In the records below, find the line with "Torres Strait Islands" and the line with "Cute pink school"; return exactly those lines and every line between them.
Start of DATA FOR THIS EXERCISE
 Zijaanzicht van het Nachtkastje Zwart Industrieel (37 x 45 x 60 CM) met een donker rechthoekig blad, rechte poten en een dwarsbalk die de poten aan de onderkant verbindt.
End of DATA FOR THIS EXERCISE
Start of DATA FOR THIS EXERCISE
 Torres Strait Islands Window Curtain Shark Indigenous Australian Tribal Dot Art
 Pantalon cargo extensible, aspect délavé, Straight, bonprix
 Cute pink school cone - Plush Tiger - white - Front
End of DATA FOR THIS EXERCISE
§ **TASK RESPONSE**:
 Torres Strait Islands Window Curtain Shark Indigenous Australian Tribal Dot Art
 Pantalon cargo extensible, aspect délavé, Straight, bonprix
 Cute pink school cone - Plush Tiger - white - Front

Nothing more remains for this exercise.